Syncthing retransmits large files on rename

ulgonia · April 24, 2020, 8:29am

OK sorry, I didn’t understand at first reading. So it seems it is something like a message ordering problem, right?

Do you mean you’d be able to include an improvement for this in a later version? You’ll probably find this very naive, but in my understanding, you could always know that you have a rename operation at the source (e.g. doing some kind of fingerprinting of the files, which you probably already do, or even through the Filesystem Watcher). Then the problem should be that you first inform the other parts of this operation, even if you send the data in several blocks afterwards?

Please don’t think this remark would be pretentious - I suppose you probably have already thought many times about all this I really just would like to understand the process.

Thanks

AudriusButkevicius · April 24, 2020, 1:46pm

Everything is a trade off.

When we detect a new file we notify the remote peers of it pretty must immediately, which is sometimes even quicker than we detect that a file with the same content has disappeared, which means that remote side starts effectively copying the file (which is not a rename, but still, not a redownload as you claim). This is what the watcher tries to optimise for in the worst case, by effectively delaying notifications for deletes.

We could not send anything until we’ve scanned everything, check if we match creations and deletions and conclude they are renames, but then for large folders you’d have to wait minutes for this to complete for remote peers to start doing any work. Also, you have to store the result of the scan somewhere to do the matching, and we have folders with terabytes of data and millions of files, so you can’t just store it in memory.

We could have some sort of fingerprint as you say, and if we see a file with the same fingerprint already exists, hijack the scan, check that file first, and if that disappeared conclude it’s a rename.

But then you have to store the fingerprint for every file, check for that fingerprint on every new file during a scan, and for people with a lot of files that will not be for free.

Theoretically it could be improvements in later version, but I am not aware of anyone working on this.

ulgonia · April 24, 2020, 3:42pm

Thank you for your analysis. Just to be clear I don’t claim there is a redownload every time, but it seems to me that the process lacks a bit of transparency, so that it is hard to say what is really happening with the files.

I understand your point, it is clear to me that sync processes are very complex, and covering all cases and providing high quality service is difficult. Syncthing seems to belong to the best ones as far as I could see!

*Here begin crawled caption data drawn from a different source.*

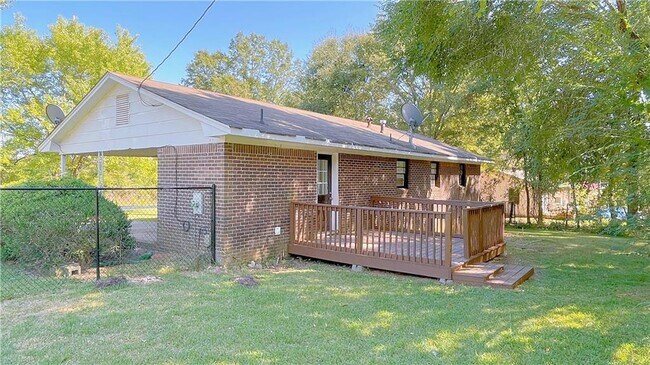 Foto del edificio - 122 Barnesville Rd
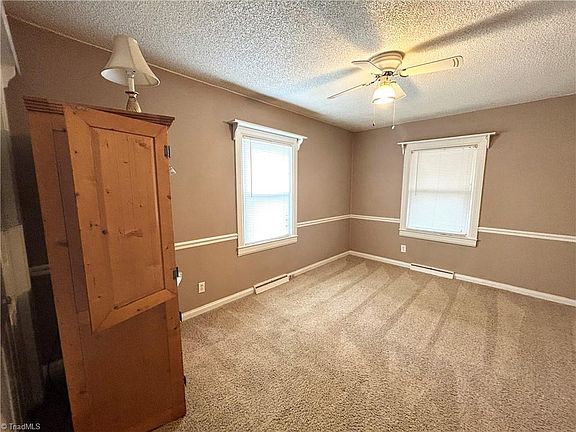 5th image of 1524 Andover Ave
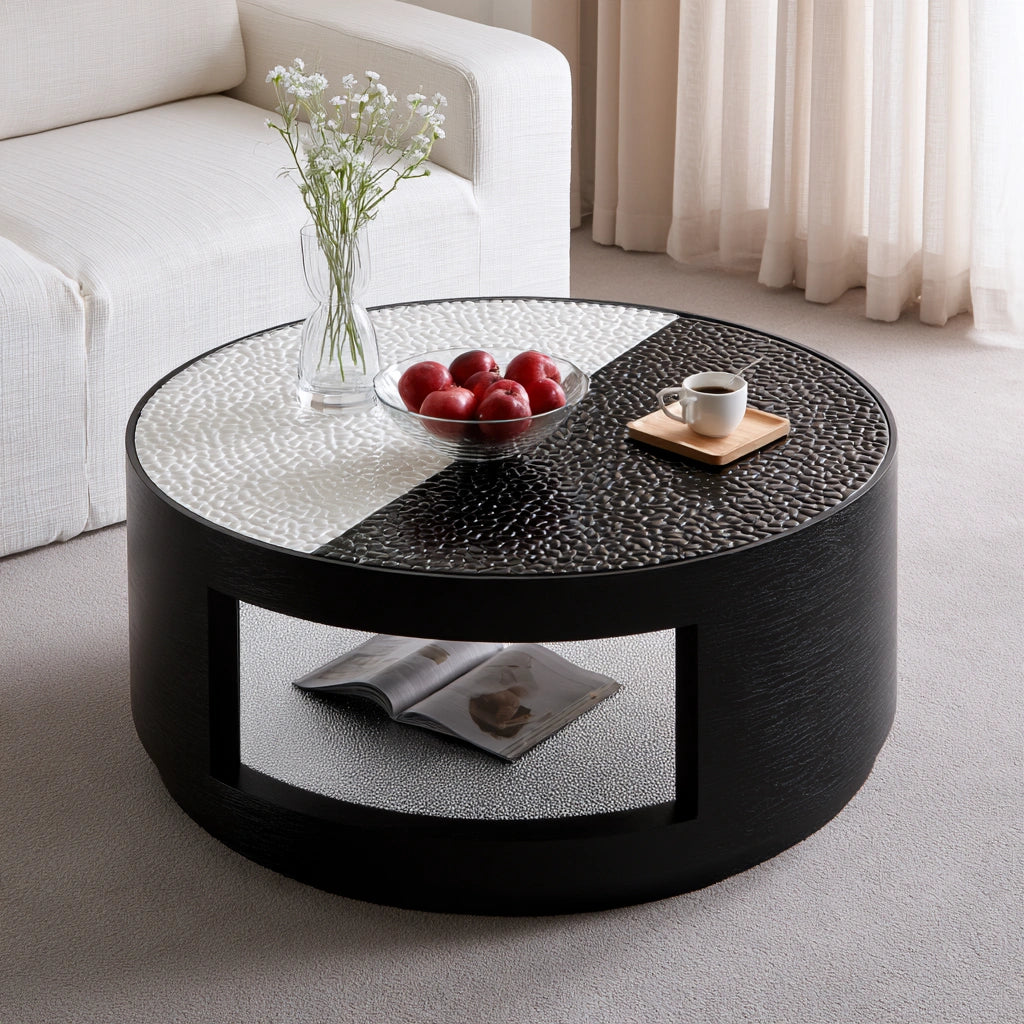 Table basse aux lignes épurées, coloris noir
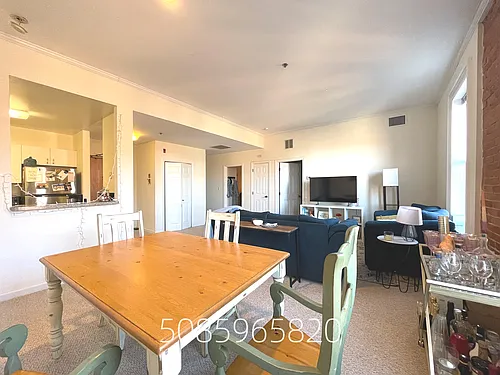 4 Davis Ave Photo 1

Would be great if someone had time to work on this point anyway, as it looks like there is still a possible margin of optimisation: especially in the case of large and/or numerous files, the local copy can become a big drawback as you need twice the space on your server for this to succeed.

Cheers

AudriusButkevicius · April 24, 2020, 4:12pm

I don’t really see a margin of optimisation not causing sacrifice somewhere else.

We have people not happy sync process takes a few seconds to start and is not instant, while equally we have people not happy that renames are not always detected, equally we have people not happy that scans take long or take up memory.

We’ll just shift from one crowd to another telling us world could be a better place.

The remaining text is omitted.